Well, I'm heading back to Florida, and am hoping some fellow LJ's can give me the heads up on North Florida saw mills where I can get rough cut lumber.

I remember that there is a really good supplier in Blountstown, but they are not a mill. I also found Big River Cypress & Hardwood just outside Blountstown. I'll be in Tallahassee.

Thanks!

Milo


----------



## HerbC (Jul 28, 2010)

Milo,

I can recommend Olen Barfield who runs a mobile sawmill service out of Graceville, FL. I'll send you a pm with his phone number.

Herb


----------



## WDHLT15 (Aug 15, 2011)

Yes, Olen is a fine sawyer.

If you come through Perry, GA on the way, holler at me. I have a sawmill and sell some lumber. I have red oak, white oak, black walnut, pecan, yellow poplar, sweetgum, etc. You can send me a personal message if you are interested.


----------



## Milo (Apr 24, 2009)

WDHLT15,

Heck, I have family in Perry! I might need some of the white oak and poplar soon. Are you right there as you come into town from Tallahassee on 27? You sell it rough cut?
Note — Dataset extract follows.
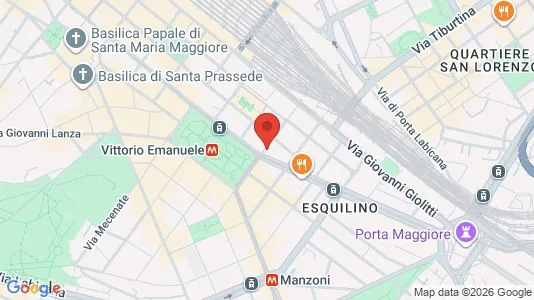 Apartments for rent i Roma Municipio I – Centro Storico - kort over placeringen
HerbC, Thank you! I think I see your PM above.


----------



## Bonka (Apr 13, 2012)

Hood Distibution
3160 W. 45th St
Jacksonville, FL 32208
904-783-0170

They are not a sawmill but have a huge warehouse full of lumber from 4/4 on up. They will sell one board @ a time or 100's BF.
I use them and they have good poducts.


----------



## WDHLT15 (Aug 15, 2011)

Milo,

I am in Perry, Georgia just off I-75, not Perry, Florida!


----------



## TheRusticMan (Dec 13, 2015)

WDHLT: I am in need of some hickory and or black walnut. I am in South Georgia. Do you still mill and sell lumber.


----------



## WDHLT15 (Aug 15, 2011)

I have some black walnut, but no hickory. Will have some pecan (which is a hickory) in a couple of months.


----------



## derrickparks57 (Apr 11, 2013)

The supplier in Blountstown only sells by the semi truckload now they no longer sell in smaller quantities. I'm in Panama City, and have a hard time finding places to get lumber nowadays.


----------



## TheRusticMan (Dec 13, 2015)

Danny, Thanks for getting back to me. I am new to the forum so I am unable to send PM's yet, can you send me one with your contact info. I wanted to get some pricing on some 6/4 Black Walnut boards I need enough for a 55"x38" table top.


----------



## WDHLT15 (Aug 15, 2011)

Rusticman,

Sorry, I am out of 6/4 walnut.


----------